Mancinelli ended up landing about 500 yards away, in an open field, with bullet holes peppering his parachute. He and his fellow American soldiers were finally able to force the German corps' surrender. For this, and for his many other brave efforts on the part of the American cause, Mr. Mancinelli earned many commendations and medals--including the Napoleon Legion of Honor, France's highest award.
Luckily, Mr. Mancinelli wasn't jumping into a hissing cloud of bullets on July 20th, 2016. Instead, we took him on a 14,000' tandem skydive to honor all veterans--especially, those of the airborne divisions--while carrying an official 2016 American Legion World Series game ball and a flag honoring airborne soldiers.

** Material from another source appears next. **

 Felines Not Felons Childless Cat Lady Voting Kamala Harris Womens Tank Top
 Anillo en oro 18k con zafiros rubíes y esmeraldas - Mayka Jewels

The son of Italian immigrants, Mancinelli grew up in New York--but he's lived local to us, in Shelby, for the last half-century. We met him in 2012 when he celebrated his 90th birthday by joining us for his first parachute jump since his last leap into WWII combat. He enjoyed that tandem so thoroughly that he returned to us with his idea for this commemorative jump. At Skydive Carolina, we're wholehearted supporters of our military veterans, so we were more than willing to help this extraordinary man honor his fellows by donating our services.
On the day of the jump, Mr. Mancinelli arrived in excellent spirits. His instructor--with whom he'd jumped to celebrate his 90th birthday, four years ago--briefed him and remarked at the sharpness of Mr. Mancinelli's memory. After the briefing and gearing up, the pair boarded the plane and whooshed up to the 14,000-foot exit altitude. It went, by everyone's report, absolutely beautifully.
"I had no hesitation whatsoever," Mr. Mancinelli smiles. "I had no problem. I'd done it many times before. Nothing unexpected, or any of that. We put the brakes on just right, and landed like birds...just like a feather." His tandem instructor vets his statement, noting that Mancinelli was happy and excited, but "as cool as a cucumber."
Mr. Mancinelli and his tandem instructor were surrounded on their two-mile descent by videographers--a group of professional jumpers based at Skydive Carolina. Upon landing, Mr. Mancinelli was surrounded by the many excited friends, fellow American Legion members, and relatives who had come to support him in his efforts.
The video of the jump was played on the big screen as the Special Forces Association Parachute Team jumped into the stadium, after which Mancinelli personally delivered the game ball to Congressional Medal of Honor recipient James A. Taylor, who threw out the first pitch.
"Even when I was in the service, you know, I loved how beautiful, it was--looking down, and seeing God's creation," Mancinelli remembers. "I wish everyone could see it."
"Everybody did a wonderful job," he continues. "It was just beautiful."
We are so proud to support Mr. Mancinelli, along with all military veterans. We are so grateful for your selfless service, and for the gift of freedom that allows us to enjoy our lives to the fullest.